Your assignment:
Output the data unchanged and complete, minus the images.

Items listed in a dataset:
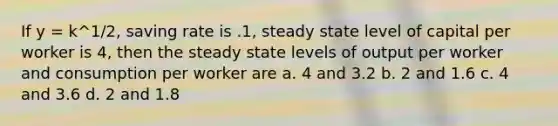 If y = k^1/2, saving rate is .1, steady state level of capital per worker is 4, then the steady state levels of output per worker and consumption per worker are a. 4 and 3.2 b. 2 and 1.6 c. 4 and 3.6 d. 2 and 1.8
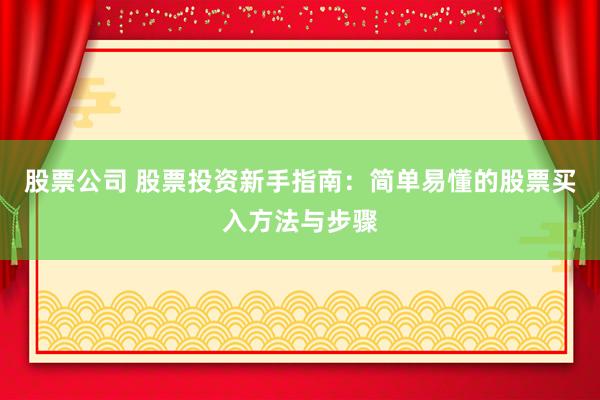 股票公司 股票投资新手指南：简单易懂的股票买入方法与步骤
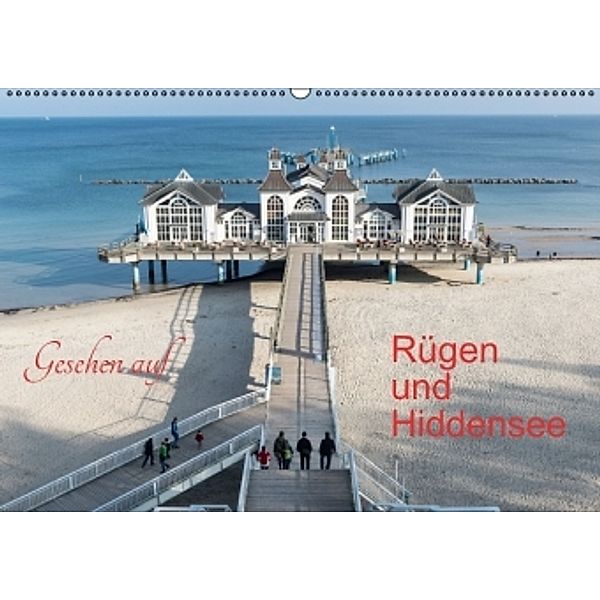 Gesehen auf - Rügen und Hiddensee (Wandkalender 2016 DIN A2 quer), Karl-Günter Balzer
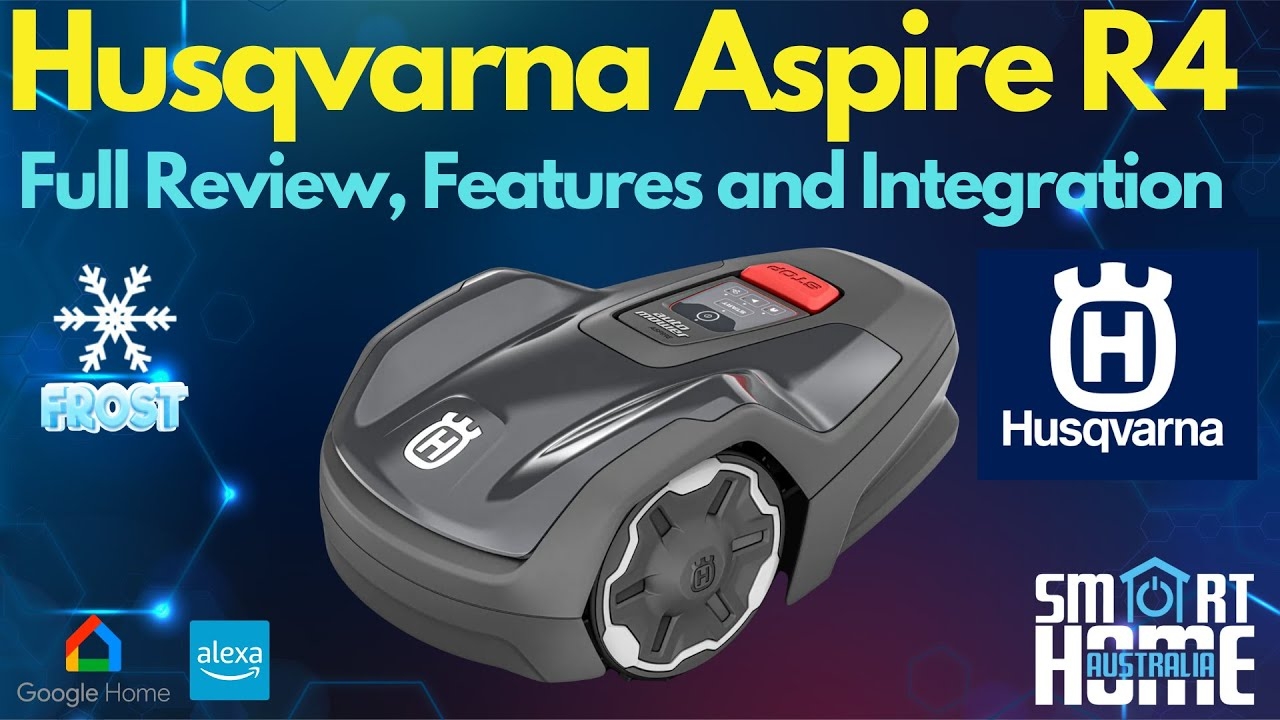 Husqvarna Aspire R4 Feature Review Home Assistant Integration YouTube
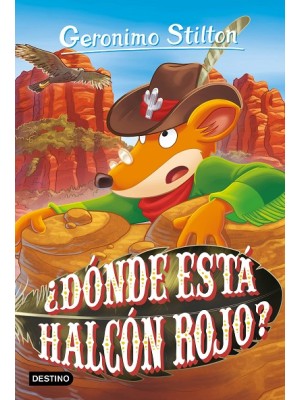 GERONIMO STILTON 97 ¿DÓNDE ESTÁ HALCÓN ROJO?
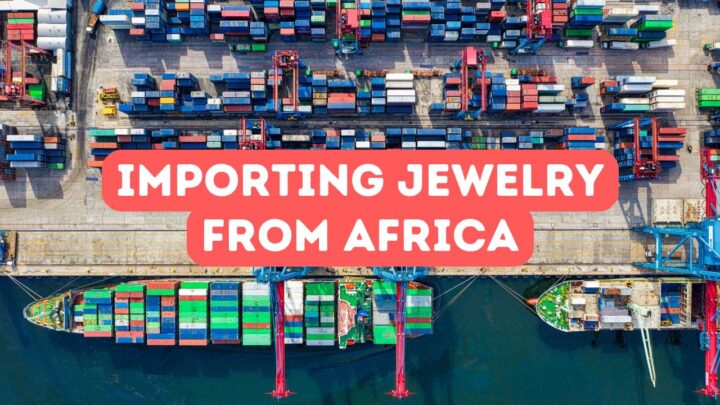 Importing Jewelry from Africa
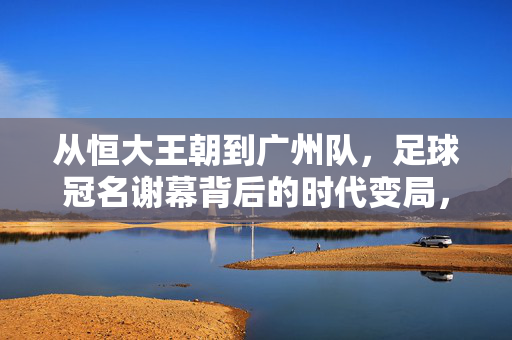 从恒大王朝到广州队，足球冠名谢幕背后的时代变局，足球冠名谢幕，从恒大王朝到广州队的时代变局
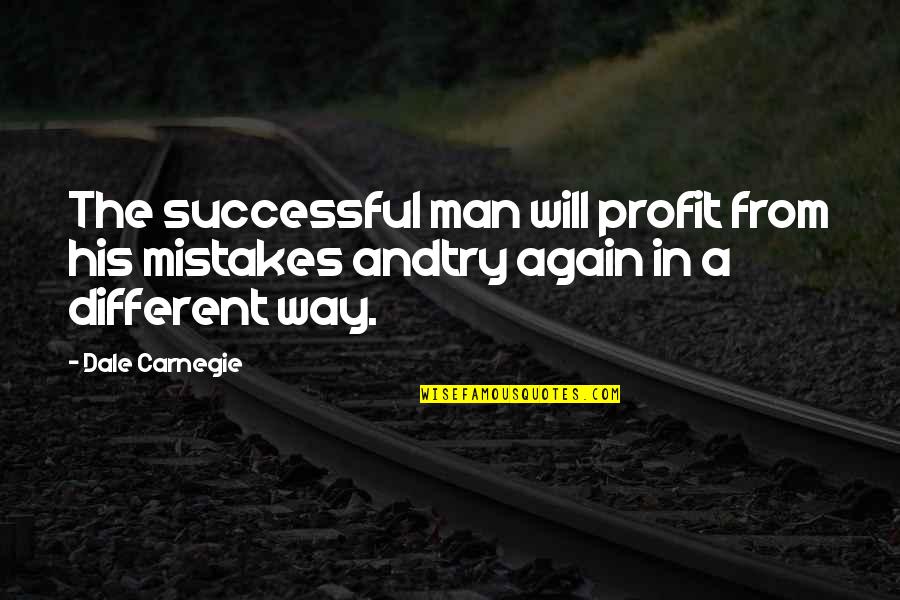 Just Try Again Quotes By Dale Carnegie: The successful man will profit from his mistakes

Output:
 If y = k^1/2, saving rate is .1, steady state level of capital per worker is 4, then the steady state levels of output per worker and consumption per worker are a. 4 and 3.2 b. 2 and 1.6 c. 4 and 3.6 d. 2 and 1.8
 股票公司 股票投资新手指南：简单易懂的股票买入方法与步骤
 Gesehen auf - Rügen und Hiddensee (Wandkalender 2016 DIN A2 quer), Karl-Günter Balzer
 Husqvarna Aspire R4 Feature Review Home Assistant Integration YouTube
 GERONIMO STILTON 97 ¿DÓNDE ESTÁ HALCÓN ROJO?
 Importing Jewelry from Africa
 从恒大王朝到广州队，足球冠名谢幕背后的时代变局，足球冠名谢幕，从恒大王朝到广州队的时代变局
 Just Try Again Quotes By Dale Carnegie: The successful man will profit from his mistakes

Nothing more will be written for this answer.